The question i have is how strong is the HNO3 in this recipe? If it is 70% i have to use more HNO3 because mine is 53%.

Thanks Paul


----------



## MarcoP (Sep 11, 2015)

Yes, 70% nitric as a common rule in this board is to refer to an acid as full strength. Otherwise "dilute" or ratios are used. Eg.: simply calling Sulfuric Acid it means 98%, Nitric 70% and so on.
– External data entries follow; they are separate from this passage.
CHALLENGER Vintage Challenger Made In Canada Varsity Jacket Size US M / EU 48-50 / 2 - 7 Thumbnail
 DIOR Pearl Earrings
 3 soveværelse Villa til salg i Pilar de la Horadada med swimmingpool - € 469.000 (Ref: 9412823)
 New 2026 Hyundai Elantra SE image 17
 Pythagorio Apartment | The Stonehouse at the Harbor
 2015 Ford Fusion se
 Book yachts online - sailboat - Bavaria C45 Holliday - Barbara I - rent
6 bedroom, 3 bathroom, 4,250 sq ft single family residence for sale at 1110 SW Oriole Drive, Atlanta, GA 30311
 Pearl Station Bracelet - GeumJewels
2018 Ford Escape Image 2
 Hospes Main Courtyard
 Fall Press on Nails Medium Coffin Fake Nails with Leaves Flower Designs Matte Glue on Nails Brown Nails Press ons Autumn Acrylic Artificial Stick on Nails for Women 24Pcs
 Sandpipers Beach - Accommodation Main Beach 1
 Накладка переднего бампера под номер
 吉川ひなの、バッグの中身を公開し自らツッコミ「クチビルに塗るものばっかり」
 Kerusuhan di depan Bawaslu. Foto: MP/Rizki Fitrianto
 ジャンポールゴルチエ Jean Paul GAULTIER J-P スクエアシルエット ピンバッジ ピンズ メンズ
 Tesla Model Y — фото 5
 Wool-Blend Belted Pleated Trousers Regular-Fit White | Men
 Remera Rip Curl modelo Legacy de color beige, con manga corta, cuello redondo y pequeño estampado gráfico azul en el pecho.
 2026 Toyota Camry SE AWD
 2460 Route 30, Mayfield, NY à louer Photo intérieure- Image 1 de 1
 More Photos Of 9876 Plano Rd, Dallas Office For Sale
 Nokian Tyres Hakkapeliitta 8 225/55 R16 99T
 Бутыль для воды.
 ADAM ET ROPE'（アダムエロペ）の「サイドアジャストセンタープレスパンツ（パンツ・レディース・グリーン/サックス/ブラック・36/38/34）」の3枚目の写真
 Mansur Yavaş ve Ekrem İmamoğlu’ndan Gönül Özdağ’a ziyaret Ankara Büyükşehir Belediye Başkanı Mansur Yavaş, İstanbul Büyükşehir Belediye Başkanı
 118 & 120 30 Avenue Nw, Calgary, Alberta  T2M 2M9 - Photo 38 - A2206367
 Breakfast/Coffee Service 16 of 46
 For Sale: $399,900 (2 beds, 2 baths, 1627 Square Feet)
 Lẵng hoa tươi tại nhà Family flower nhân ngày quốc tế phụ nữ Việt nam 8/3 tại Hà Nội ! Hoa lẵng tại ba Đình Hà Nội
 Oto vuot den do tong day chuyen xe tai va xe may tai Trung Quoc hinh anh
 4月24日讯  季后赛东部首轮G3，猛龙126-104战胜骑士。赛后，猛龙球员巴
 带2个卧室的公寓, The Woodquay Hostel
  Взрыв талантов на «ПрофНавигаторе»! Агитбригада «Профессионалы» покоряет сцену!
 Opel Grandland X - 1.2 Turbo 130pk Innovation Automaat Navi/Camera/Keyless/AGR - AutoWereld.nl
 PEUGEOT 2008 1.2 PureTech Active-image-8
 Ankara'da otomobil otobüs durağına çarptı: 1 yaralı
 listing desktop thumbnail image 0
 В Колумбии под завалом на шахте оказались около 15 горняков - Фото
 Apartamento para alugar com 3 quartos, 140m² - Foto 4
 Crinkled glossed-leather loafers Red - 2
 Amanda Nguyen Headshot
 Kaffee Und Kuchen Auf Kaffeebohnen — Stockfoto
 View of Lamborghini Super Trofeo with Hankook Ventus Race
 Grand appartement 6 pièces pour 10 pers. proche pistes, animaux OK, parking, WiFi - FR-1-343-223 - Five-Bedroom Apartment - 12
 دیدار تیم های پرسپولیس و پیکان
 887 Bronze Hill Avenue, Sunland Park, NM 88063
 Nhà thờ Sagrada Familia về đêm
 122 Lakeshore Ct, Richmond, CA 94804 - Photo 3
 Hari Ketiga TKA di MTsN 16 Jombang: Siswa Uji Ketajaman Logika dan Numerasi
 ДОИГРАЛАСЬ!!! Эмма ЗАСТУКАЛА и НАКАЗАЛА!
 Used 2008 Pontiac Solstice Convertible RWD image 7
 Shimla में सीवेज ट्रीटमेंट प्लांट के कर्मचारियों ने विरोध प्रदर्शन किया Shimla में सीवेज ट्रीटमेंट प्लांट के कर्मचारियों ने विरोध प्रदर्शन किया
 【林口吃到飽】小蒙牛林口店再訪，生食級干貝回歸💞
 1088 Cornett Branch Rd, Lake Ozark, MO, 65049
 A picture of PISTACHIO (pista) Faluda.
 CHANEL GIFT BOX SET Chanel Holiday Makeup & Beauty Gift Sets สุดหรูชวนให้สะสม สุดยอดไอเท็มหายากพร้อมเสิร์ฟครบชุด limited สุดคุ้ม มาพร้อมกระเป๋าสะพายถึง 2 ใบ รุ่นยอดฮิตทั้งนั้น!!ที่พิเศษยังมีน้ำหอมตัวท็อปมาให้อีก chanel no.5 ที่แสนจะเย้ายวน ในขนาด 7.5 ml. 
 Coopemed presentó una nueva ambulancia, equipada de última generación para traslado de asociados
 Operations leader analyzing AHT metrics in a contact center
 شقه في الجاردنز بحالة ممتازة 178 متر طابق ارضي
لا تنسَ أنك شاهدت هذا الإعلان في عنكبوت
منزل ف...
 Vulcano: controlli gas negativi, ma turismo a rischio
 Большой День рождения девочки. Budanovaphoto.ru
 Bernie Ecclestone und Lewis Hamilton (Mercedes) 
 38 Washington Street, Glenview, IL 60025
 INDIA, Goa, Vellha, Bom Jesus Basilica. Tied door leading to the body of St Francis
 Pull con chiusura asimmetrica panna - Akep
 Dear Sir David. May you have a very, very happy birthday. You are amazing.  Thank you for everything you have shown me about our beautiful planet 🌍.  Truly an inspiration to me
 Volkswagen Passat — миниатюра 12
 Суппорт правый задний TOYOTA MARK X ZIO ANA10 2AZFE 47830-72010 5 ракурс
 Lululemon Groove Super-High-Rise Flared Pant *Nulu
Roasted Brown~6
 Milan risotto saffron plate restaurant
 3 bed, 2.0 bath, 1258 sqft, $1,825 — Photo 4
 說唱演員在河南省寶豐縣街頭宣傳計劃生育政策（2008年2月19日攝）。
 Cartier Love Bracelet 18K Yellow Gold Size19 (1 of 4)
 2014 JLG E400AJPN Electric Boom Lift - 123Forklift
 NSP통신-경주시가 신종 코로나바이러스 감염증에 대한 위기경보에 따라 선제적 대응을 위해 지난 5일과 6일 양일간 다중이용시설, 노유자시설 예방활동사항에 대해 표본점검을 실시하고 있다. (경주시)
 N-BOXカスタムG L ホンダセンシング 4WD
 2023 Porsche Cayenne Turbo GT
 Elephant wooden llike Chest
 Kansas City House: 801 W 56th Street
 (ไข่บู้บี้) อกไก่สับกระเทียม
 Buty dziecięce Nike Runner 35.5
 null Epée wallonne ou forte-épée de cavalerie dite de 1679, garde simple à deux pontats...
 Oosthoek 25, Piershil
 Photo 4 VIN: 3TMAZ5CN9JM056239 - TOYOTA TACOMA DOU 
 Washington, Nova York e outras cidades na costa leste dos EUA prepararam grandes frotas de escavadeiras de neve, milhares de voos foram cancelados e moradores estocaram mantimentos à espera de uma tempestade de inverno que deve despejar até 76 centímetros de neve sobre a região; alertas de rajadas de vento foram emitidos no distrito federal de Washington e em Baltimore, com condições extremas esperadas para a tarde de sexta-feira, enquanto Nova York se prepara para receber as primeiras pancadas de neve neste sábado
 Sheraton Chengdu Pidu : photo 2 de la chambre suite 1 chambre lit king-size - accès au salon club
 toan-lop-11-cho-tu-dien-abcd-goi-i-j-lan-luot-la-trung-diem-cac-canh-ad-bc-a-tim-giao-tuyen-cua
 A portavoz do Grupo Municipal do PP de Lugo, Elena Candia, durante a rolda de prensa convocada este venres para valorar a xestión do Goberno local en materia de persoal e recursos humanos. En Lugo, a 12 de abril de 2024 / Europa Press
I believe you should add less water too, last time I did mine following butcher's recipe I just used 30ml 52% Nitric, close enough, and it works great. My instruments marks 1ml, smaller measurements had to be approximated.

Marco


----------



## Slochteren (Sep 11, 2015)

Thanks,

also the right recipe with 53%nitric is:

3.5 ml Distilled Wtaer
29 ml 53% nitric
15 Gram K2Cr2O7

Right?


----------



## MarcoP (Sep 11, 2015)

Hum, I get

29ml 53% nitric
0.9ml distilled water
15gr potassium dichromate

Edit: usually I'm wrong, better wait seniors 8)


----------



## Slochteren (Sep 11, 2015)

Thanks anyway.

Sunday i have time to make it also i have some time left for searching/advise.

Paul


----------



## g_axelsson (Sep 11, 2015)

I've seen several different recipes of Schwerters solution, so I made a page about it.
http://goldrefiningwiki.com/mediawiki/index.php/Schwerter's_solution

Göran


----------



## goldsilverpro (Sep 11, 2015)

Slochteren said:


> Thanks,
> also the right recipe with 53%nitric is:
> 3.5 ml Distilled Wtaer
> 29 ml 53% nitric
> ...


Wrong



MarcoP said:


> Hum, I get
> 29ml 53% nitric
> 0.9ml distilled water
> 15gr potassium dichromate
> Edit: usually I'm wrong, better wait seniors 8)


Wrong

The question here is the relative strengths of the 53% solution alone and the 70% solution after diluting 25%. By relative strength, I mean how many grams of HNO3 are in, say, one liter (1000ml) of solution. To do this, you MUST find a chart that compares %HNO3, by weight, to the specific gravity (S.G.). From a chart, you can compute the grams per liter of HNO3. 
NOTE: I have searched several times and have found no simple formula for determining the S.G. from the weight %, except for the iffy ball park one I concocted on the 2nd page of the threaded linked below - Specific Gravity = (.006 x % nitric, by weight) + 1. I prefer using a chart for any problem of this type, because it's more accurate. Check this thread for for more info on this subject. 
http://goldrefiningforum.com/phpBB3/viewtopic.php?f=48&t=10457&hilit=graph+specific+gravity&start=0

Here's the chart I use. I use the 20C (68F) column, since it is the closest to normal room temperature:
http://www.handymath.com/cgi-bin/nitrictble2.cgi?submit=Entry

The weight of HNO3 in one liter of 70% nitric acid solution, before and after dilution.
(1a) *Before dilution of 70%*. Find 70% concentration on the left. Move over to the 20C column and read the S.G. = 1.4134 kg/l or, since there are 1000g in a kg, 1413.4 g/l. A liter of 70% nitric weighs 1413.4 grams. However, only 70% of that weight is HNO3 - the rest is water.
Therefore, total HNO3/liter of 70% HNO3 = 70% of 1413.4 = .70 X 1413.4 = 989 grams.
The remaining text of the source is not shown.